The Real Reason People Have Stopped Eating Sloppy Joes

Do you remember the last time you ate a sloppy Joe? Wait — do you even know what a sloppy Joe is? If you're under a certain age, there's a chance you might not even be aware that this is a type of food once consumed in elementary school cafeterias and family dining rooms on those nights when Mom had to work late and Big Sis (age 12) was responsible for getting dinner on the table. 

Sloppy Joes, as you can probably tell from these context clues, aren't the most difficult dish to throw together. Basically, they consist of ground beef cooked in some kind of tomato sauce and served on a hamburger bun. In fact, The Takeout tells us that same year that saw man land on the moon also brought sloppy Joe mix in a can (the infamous Manwich whose name spawned a thousand jokes, most of them not fit to print), thus making meal preparation well within the realm of the average 6-year-old's culinary expertise.

Once a popular suburban staple, sloppy Joes have seemingly retreated as far into the past as cottage cheese Jell-O salad (which was also once a thing, seriously, kids). But why did they go? And will they come back? These are questions to which there is no definitive answer, but that won't prevent us from speculating.

Why sloppy Joes disappeared

A totally scientific and thoroughly comprehensive survey on the subject of sloppy Joe consumption performed via Google Chat by the Eat a Sandwich blog found that most of the survey subjects (consisting of five dudes) were vague on when they last consumed said dish. One respondent thought it might have been the "early '90s" while another said "college, maybe," and still another theorized that he may have done so while "randomly drunk at a lake house or something." 

When questioned as to the reason behind this sandwich's seeming disappearance, reasons given were "the name itself subconsciously turns people off," "a health thing.

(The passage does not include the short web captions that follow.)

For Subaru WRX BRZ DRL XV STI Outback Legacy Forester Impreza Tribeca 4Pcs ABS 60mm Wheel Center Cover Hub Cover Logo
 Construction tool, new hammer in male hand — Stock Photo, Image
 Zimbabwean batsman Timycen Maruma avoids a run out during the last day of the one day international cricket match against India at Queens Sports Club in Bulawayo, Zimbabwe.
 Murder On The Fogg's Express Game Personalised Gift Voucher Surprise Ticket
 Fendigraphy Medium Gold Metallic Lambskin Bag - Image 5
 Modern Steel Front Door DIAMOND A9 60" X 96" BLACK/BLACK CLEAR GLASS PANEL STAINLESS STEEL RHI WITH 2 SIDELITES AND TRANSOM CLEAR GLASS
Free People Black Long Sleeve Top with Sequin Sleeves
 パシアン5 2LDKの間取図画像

Parents not wanting to serve them," and "I don't think they were ever in favor so much as served at specific times to specific people, i.e. children, at lunch."

As regards those last two reasons, sloppy Joes may have disappeared from school cafeteria menus over the past decade-plus due to former FLOTUS Michelle Obama's much-needed campaign to reform school lunch programs nationwide. She made it her mission to ensure that kids would actually get something healthy to eat at school every day, and the typical elementary school sloppy Joe didn't fit the bill.

Are sloppy Joes making a resurgence?

While Eat a Sandwich notes that many childhood favorites have been given grown-up (even gourmet) makeovers — we presume they're talking about grilled cheese and mac and cheese, both of which got huge in the 20-teens — it seems that sloppy joes have yet to come in for such treatment. Or have they? 

One of the survey respondents did speak of being served a seitan sloppy Joe on the Vans Warped Tour, and at the time the survey was conducted (2013) there was evidently a gourmet sloppy Joe food truck serving the DC area. 

While the DC truck is no more (or at least, the link to its website is R.I.P.), the Sloppie Joe's food truck currently makes the rounds in Yonkers, NY, while the Jumbo's food truck feeds the sloppy Joe-craving populace of West Fargo, North Dakota. There's also a New Jersey-based Sloppy Ray's food truck with such intriguing offerings on the menu as an Asian-inspired sloppy Joe as well as one made with pulled chicken and pineapple. Oh, and there's even a not-so-sloppy taste-alike burger you can order off the secret menu at Five Guys.

Homemade sloppy Joes don't have to start with a can

Even though sloppy Joes have yet to be elevated to the pantheon of comfort food classics alongside the likes of mac and cheese and the PB&J, they still have plenty of fans. If you have yet to experience this often under-appreciated item, why not give it a try? Sloppy Joes are ridiculously easy to make, and they're not particularly expensive, either (unless you go with ground wagyu). Whatever you do, pass on the Manwich or any similar generic knockoffs.

Instead, start with ground beef, turkey, chicken, or even pork. (Ground pork on its own tends to be fatty, but a 50/50 mix with beef could work quite well.) You could also use a plant-based ground meat substitute to make vegan sloppy Joes. Parents and partners of picky eaters, take note: Sloppy Joes also make a great vehicle for sneaking in some finely-chopped "stealth veggies."

If it's the idea of a soggy bun that kind of ruins the whole sloppy Joe thing for you, there's no shortage of alternatives here, as well. Sloppy Joe filling can be used to top a baked potato, or you can serve it on rice or noodles. Prefer to go low-carb? It works well on a bed of lettuce, too.